The novel is based off and around the character of Dracula, yet we only see glimpses of him in the narrative, why did Stoker do this?Throughout the plot we meet him in the begining, then we don't...
The novel is based off and around the character of Dracula, yet we only see glimpses of him in the narrative, why did Stoker do this?
Throughout the plot we meet him in the begining, then we don't see him very often, only through brief occurances, newspapers, psychic phenomena, ect. Why would Stoker write him in like this opposed to giving more insight into the character of Dracula himself?
I agree with parkerlee's answer above, but here is another aspect of this approach. Dracula is presented to us as a character so far outside the experience of the "normal" human that we cannot enter into his mind, as we would in a normal narrative. Where we as readers might be presented with insight into a regular literary character through references to what he thinks and does, we are only presented with Dracula through the eyes of others. Those others cannot see his actions behind the scenes, nor can they truly understand his thoughts and the motivations of his aims. His true background and aims are only faintly understood by us and the other characters of the novel, and the processes of his mind which guide his choices and actions are a mystery normal humans cannot fathom. He is a truly alien creature who only looks like a man. The Victorian audience for whom the book was written was as profoundly disturbed by the distance between Dracula and knowable human emotions and motivations as they were by the sexuality and perverseness of the relationship between Dracula and his victims.
The elusiveness of Dracula lends to the suspense and angst of the story.
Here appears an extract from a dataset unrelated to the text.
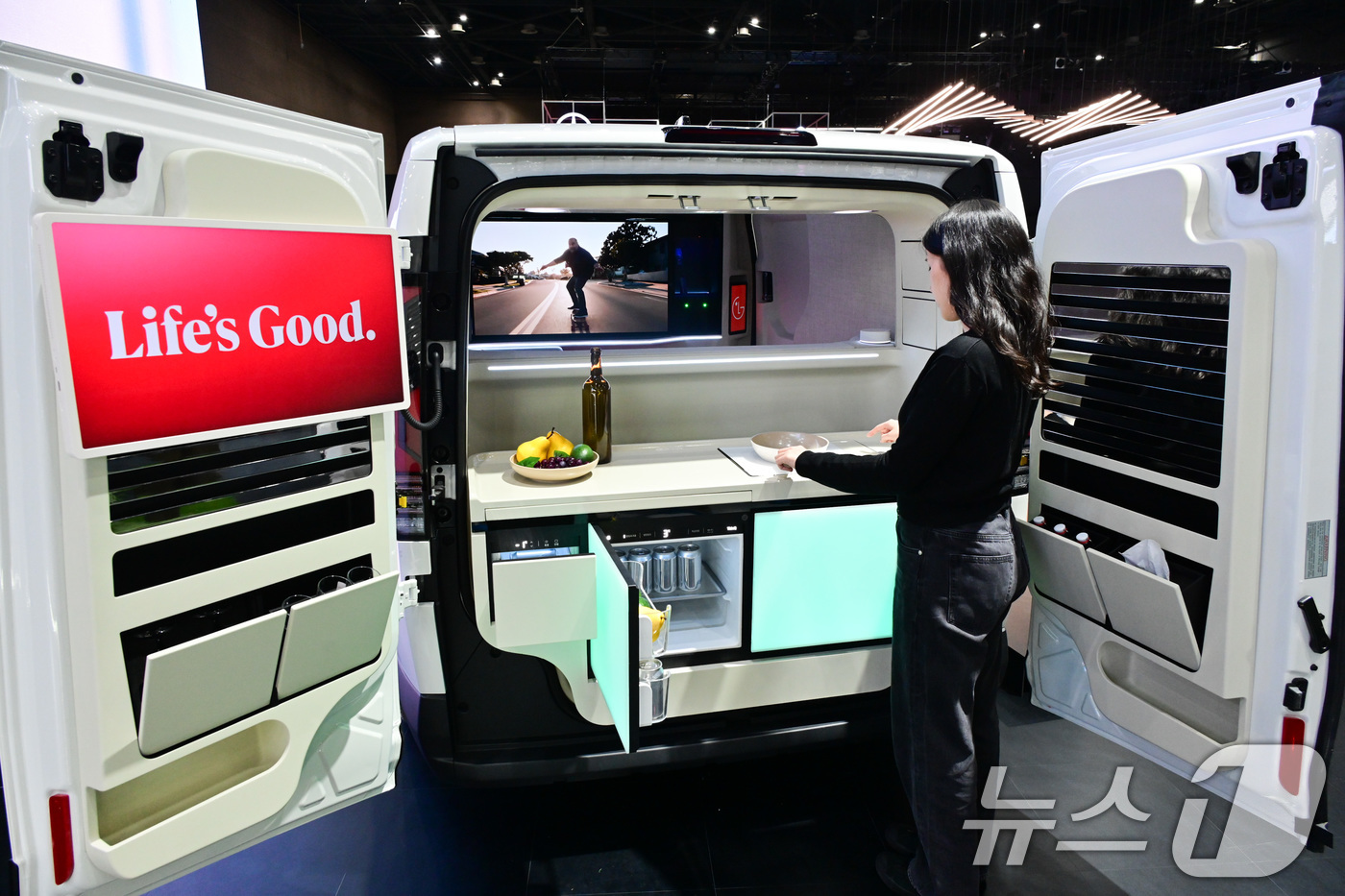 (서울=뉴스1) = LG전자가 3일 '서울모빌리티쇼'에서 기아와 손잡고 모빌리티 공간 솔루션의 새 패러다임을 제시한다.이번에 전시되는 모빌리티 '슈팔라움'은 기아 PV5 차량에 L …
As the master of darkness, he hides in the shadows and cannot be approached, but he can appear of his own will at any moment. The anticipation of his presence is as bad or worse that the thing itself.
However, this 'stalling' technique in epistolary form has often been criticized as the weakness of the novel. Indeed, all the soul-searching and speculation over the struggle between good and evil today would seem obfuscaory, even obsolete. One must remember the social context under which Stoker wrote 'Dracula,' a provocative work in which he raised some serious questions concerning sexuality, particular for women.